Aug 21 2007

The Spokane 2

Published by at 9:46 pm under Washington

Dennis Hession

Dennis Hession

Mary Verner

Mary Verner

Spokane two or three decades back likely would have slam-dunked Dennis Hession in his election to hold the job of mayor to which he was appointed a couple of years back.

He looks and sounds like a mayor. He appears to have done a creditable job (from the Spokesman-Review‘s endorsement: “The city is performing well, and re-electing Hession would promise political stability under a capable hand.”) Not Mr. Excitement, but steady and solid. And – significantly – one of the downtown professional/business crowd, an attorney comfortable with the community’s power structure. All of that would seem to be plenty to win election.

That said, we’d right now give odds that in November Spokane’s voters will replace him with Council member Mary Verner, who fits none of the traditional criteria but maybe satisfies where a lot of Spokane is headed.

That conclusion emerges from the early returns (we’ll be back at this to look at the detailed numbers later) from the Tuesday primary. Three substantial candidates were running for mayor. As of this writing (with about 98% of ballots counted), Hession (a former council member) took 10,666, Verner 10,286 and fellow Council member Al French 9,206. Next step is the November runoff for the top two.

Hession has been a reasonably visible mayor and (in normal fashion) has trumpeted his activities at City Hall, but – maybe in reflection of the ongoing angry voter mood – all three incumbent city officials wound up loosely trying to position themselves as outsider insurgents. That was most problematic for Hession who is, after all, trying to say at the same time that the current team is already doing a good job.

Verner’s second place finish may result from the sense that she seems least like a downtown insider. Two months ago we wrote that “Hession and French seem to have more a downtown business perspective, while Verner’s seems more shaped by policy activism, such as the environmental and resource staff work she did earlier in her career. (Echoes of it continue to show up – consider the long list of policy interests on her web site.)” Professionally, Verner is like Hession an attorney, but there the similarity ends; she is executive director of the Upper Columbia United Tribes.

In looking ahead to a Hession-Verner showdown this fall, two dynamics jump to mind.

One is traditional political calculation: An incumbent who falls well short of half the vote against several opponents in round one, will usually lose to a single opponent in round two. Most elections featuring incumbents are shaped fundamentally by the incumbent, and votes tend to shake out on that basis. Hession is falling far short of half the vote – about 33.6%. He may be able to pick up some of the Al French vote, but the primary numbers indicate Spokane voters are in a kick-em-out mood. He may have a much tougher time than will Verner in getting to 50%.

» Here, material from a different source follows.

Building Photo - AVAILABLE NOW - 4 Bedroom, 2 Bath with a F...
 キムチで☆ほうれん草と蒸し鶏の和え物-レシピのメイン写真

The other indicator is partisan. Spokane’s city races, like most in most places, are non-partisan, but the partisan colors and hues here are unmistakable: For quite a few voters, Hession likely will be the surrogate Republican, and Verner the surrogate Democrat. (There’s a similar dynamic in Boise and some other places.) That means the mayoral race has partisan implications for a traditionally Republican city which has been (notably in the last couple of elections) trending Democratic.

Of course, odds are not a lock on the future; much can happen between here and there. But the Hession campaign has some serious work to do.